> _EXERCISE GOAL_: Search the entries for the word "fields" and pull out each line that has it.

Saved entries
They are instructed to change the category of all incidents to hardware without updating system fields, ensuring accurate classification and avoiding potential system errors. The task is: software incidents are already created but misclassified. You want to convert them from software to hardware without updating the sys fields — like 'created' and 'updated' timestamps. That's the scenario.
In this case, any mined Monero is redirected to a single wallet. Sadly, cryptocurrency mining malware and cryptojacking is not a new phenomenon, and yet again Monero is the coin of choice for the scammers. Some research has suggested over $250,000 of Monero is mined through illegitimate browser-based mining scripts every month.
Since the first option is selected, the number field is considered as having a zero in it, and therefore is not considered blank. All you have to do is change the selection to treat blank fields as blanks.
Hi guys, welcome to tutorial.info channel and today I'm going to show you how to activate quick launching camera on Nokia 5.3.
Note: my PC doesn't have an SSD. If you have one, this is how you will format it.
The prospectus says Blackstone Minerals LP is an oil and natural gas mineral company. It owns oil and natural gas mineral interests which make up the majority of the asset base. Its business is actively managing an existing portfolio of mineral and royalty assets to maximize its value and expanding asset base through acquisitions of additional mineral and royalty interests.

...

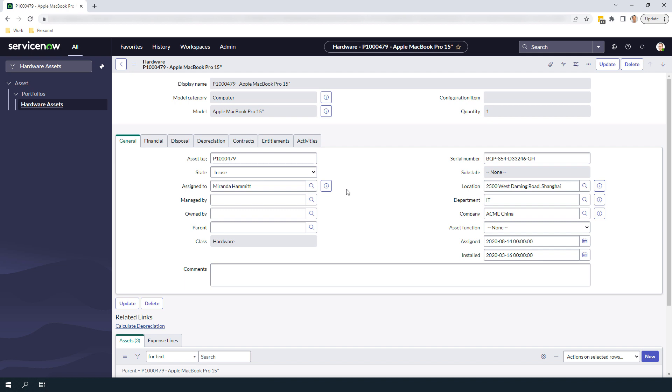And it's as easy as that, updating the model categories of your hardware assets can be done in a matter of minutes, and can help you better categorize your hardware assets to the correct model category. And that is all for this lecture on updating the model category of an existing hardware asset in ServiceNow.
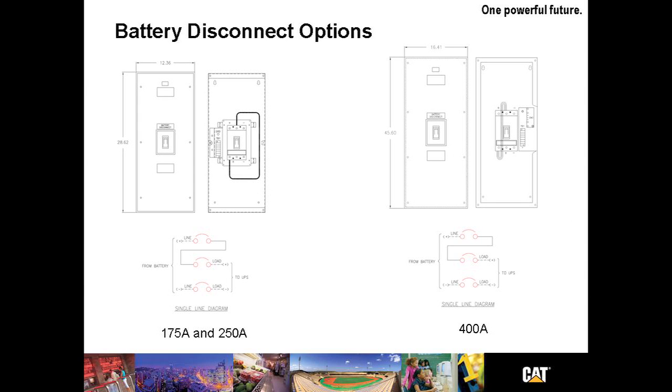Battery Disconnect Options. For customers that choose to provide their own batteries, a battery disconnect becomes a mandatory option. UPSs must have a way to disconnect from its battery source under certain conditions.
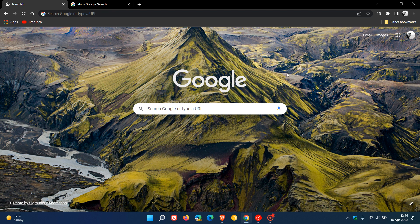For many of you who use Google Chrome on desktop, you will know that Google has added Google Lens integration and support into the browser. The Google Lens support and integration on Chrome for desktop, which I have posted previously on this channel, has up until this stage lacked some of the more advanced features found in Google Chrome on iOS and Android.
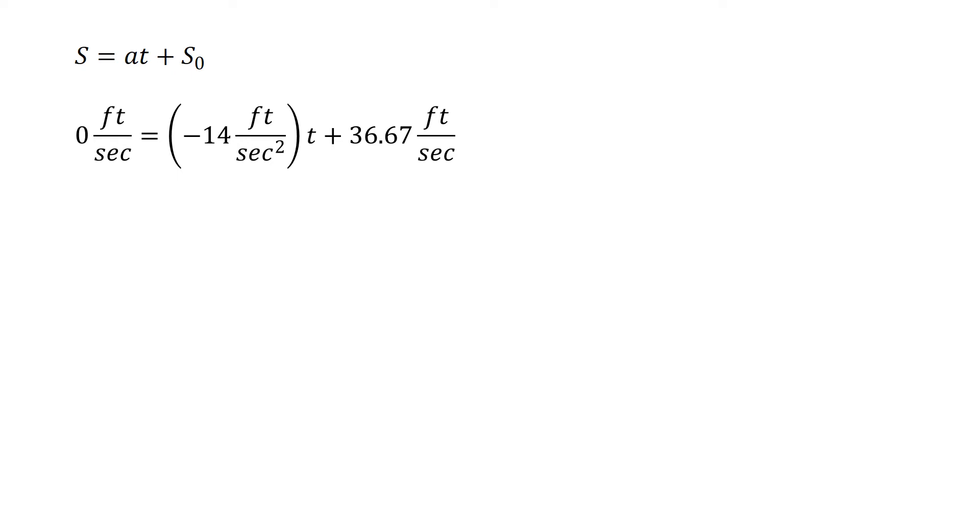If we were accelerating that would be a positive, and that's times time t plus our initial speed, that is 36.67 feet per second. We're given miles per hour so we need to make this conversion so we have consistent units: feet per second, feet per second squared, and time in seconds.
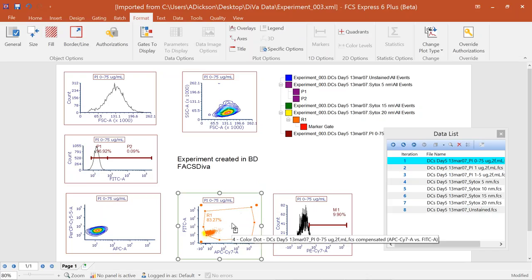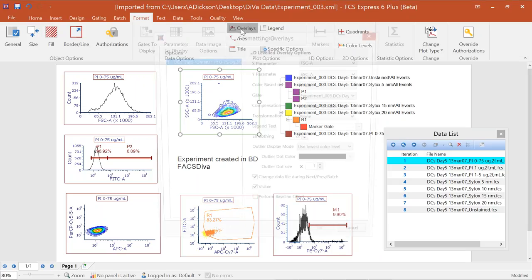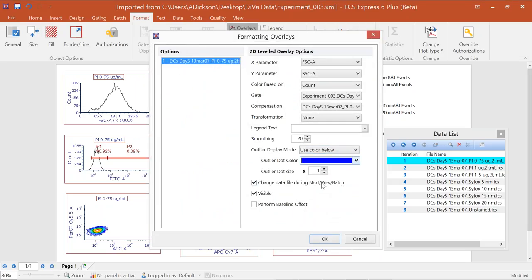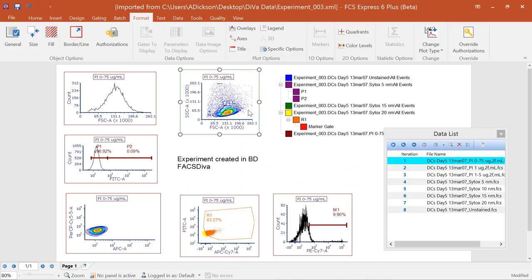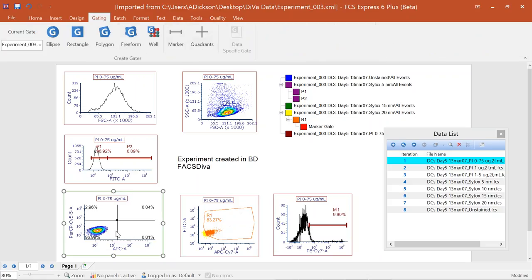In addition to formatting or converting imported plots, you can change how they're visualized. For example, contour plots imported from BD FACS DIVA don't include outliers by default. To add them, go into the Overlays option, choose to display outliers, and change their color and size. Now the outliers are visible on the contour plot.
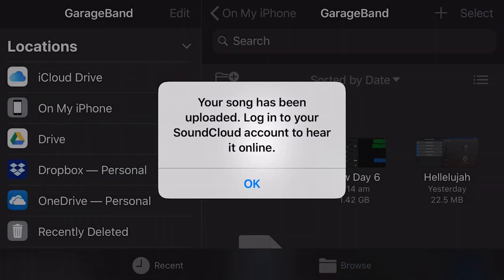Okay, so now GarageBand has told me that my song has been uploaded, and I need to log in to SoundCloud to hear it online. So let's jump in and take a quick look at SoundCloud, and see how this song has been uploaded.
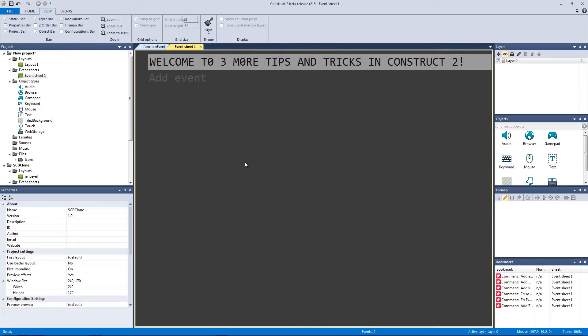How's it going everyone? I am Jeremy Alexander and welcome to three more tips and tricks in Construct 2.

> _RESPONSE BOX_:
They are instructed to change the category of all incidents to hardware without updating system fields, ensuring accurate classification and avoiding potential system errors. The task is: software incidents are already created but misclassified. You want to convert them from software to hardware without updating the sys fields — like 'created' and 'updated' timestamps. That's the scenario.
Since the first option is selected, the number field is considered as having a zero in it, and therefore is not considered blank. All you have to do is change the selection to treat blank fields as blanks.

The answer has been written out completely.